A gunman opened fire in two Michigan homes Thursday, killing his daughter, ex-girlfriend and five other people before leading police on a high-speed chase and taking hostages inside a stranger's home.

The five-hour standoff ended when he killed himself as authorities were telling him how to surrender.

The hostages were released unharmed, and 34-year-old Rodrick Shonte Dantzler died at the scene of a self-inflicted gunshot wound to the head, police said.

The manhunt for Dantzler began earlier in the day after four people were found dead in one Grand Rapids home and three were discovered in another across town. Two of the dead were children.

"It makes no sense to try to rationalize it, what the motives were," Police Chief Kevin Belk said. "You just cannot come up with a logical reason why someone takes seven peoples' lives."

Following the discovery of the bodies, Dantzler led officers on a high-speed chase, crashed his car and took hostages he did not know inside a random home, police said. Dozens of officers with guns drawn cordoned off a neighborhood near a small lake in the northern part of the city and shut down nearby Interstate 96.

During the standoff, Dantzler fired sporadically at officers and inside the house. He vacillated between threatening to shoot the hostages and pleading with police to take him out, even asking negotiators whether there were snipers outside the home and where he should stand, Belk said.

But he changed course after several hours and asked how he could surrender. Belk said officers were talking with him on the phone about how to turn himself in when they heard the gunshot.

"At the time the incident occurred, he was talking about coming out, giving himself up," Belk said. "Obviously he decided at the last moment to fire the gun."

The names of the dead were not immediately released. Autopsies were scheduled for Friday.

Records show Dantzler was released from state prison in 2005 after serving time for assault less than murder. A spokesman for the prison system said he had not been under state supervision since then.

At one point during the police chase, Danztler drove an SUV across a wide grassy median on the interstate and then went the wrong way down the highway while more than a dozen squad cars pursued him. Belk said he crashed the vehicle while driving down an embankment into a wooded area of the highway, which remained closed hours later.

Two other people were shot when Dantzler fired at police during the chase, but their wounds were not considered life-threatening. One man was injured in what Belk described as a "road rage" attack after Dantzler fired through the rear window of the vehicle. A woman was hit in the arm in a separate shooting.

Carrie Colacchio lives a little more than a mile away from the hostage situation and said she was driving in the area when the suspect's vehicle blew through.

"I look in my rearview mirror and see this big white SUV coming up behind me," she said. "The only way to get out of it was to push the gas pedal."

She couldn't turn off the road or slow down or go any other way and reached about 85 mph.

"I almost got smacked," she said. "I had to go up on the curb."

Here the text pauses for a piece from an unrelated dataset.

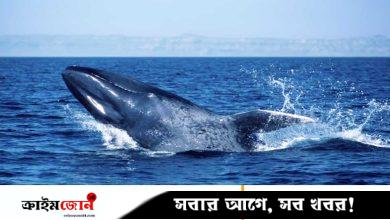শান্ত হয়ে যাচ্ছে নীল তিমিরা, দুশ্চিন্তায় বিজ্ঞানীরা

Neighbors said police congregated at Dantzler's home a few miles away after the shootings.

Sonia Bergers said Dantzler lived with a woman she assumed was his wife and their daughter, a girl who appeared to be about 10 years old.

Mary Lahuis and her husband had just returned home after having coffee at a nearby fast-food restaurant when police began running down their street with guns, yelling at people to get in their homes.

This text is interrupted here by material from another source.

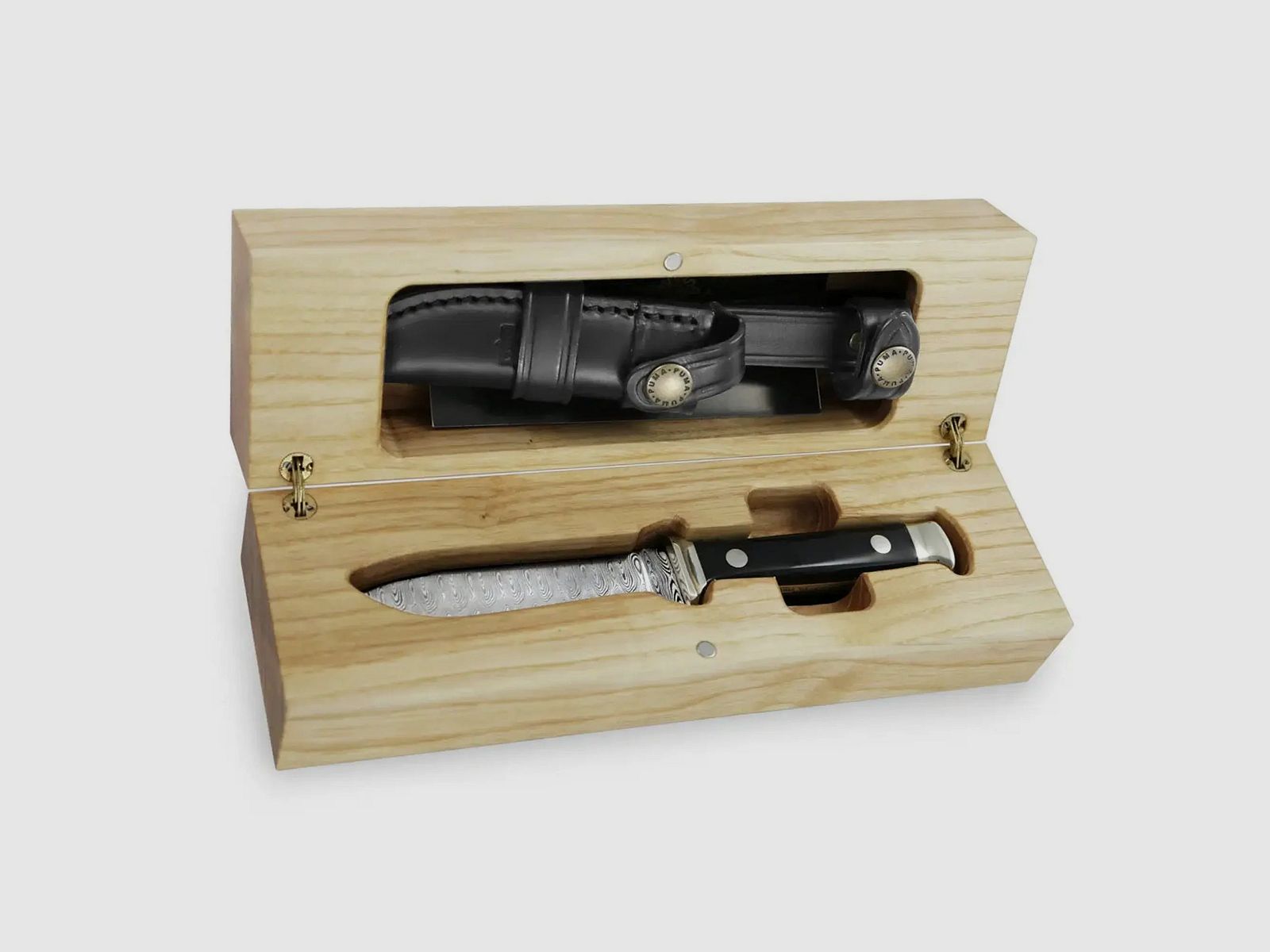 Couteau Annuel PUMA 2025 Corne de Buffle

Of Dantzler she said: "You would see him going up and down the street. And you'd hear him going up and down the street."

Sandra Powney lives across the street from one of the homes where the shootings happened and said she had seen Dantzler at the ranch house, where a couple has lived for more than 20 years with two adult daughters.

Powney said she had been at home all day and did not realize anyone had been killed until police arrived at the cul-de-sac in the midafternoon.

"For a while we couldn't come outside," she said. "They didn't know if there was someone still inside the house."

Outside the two-story, wood-sided home where the three people were killed, neighbors stood in clumps Thursday evening, quietly talking as investigators scoured the house. As officers left, people disappeared indoors and a single police car remained on the block.

The only indication of anything unusual was three bouquets of flowers on the porch steps.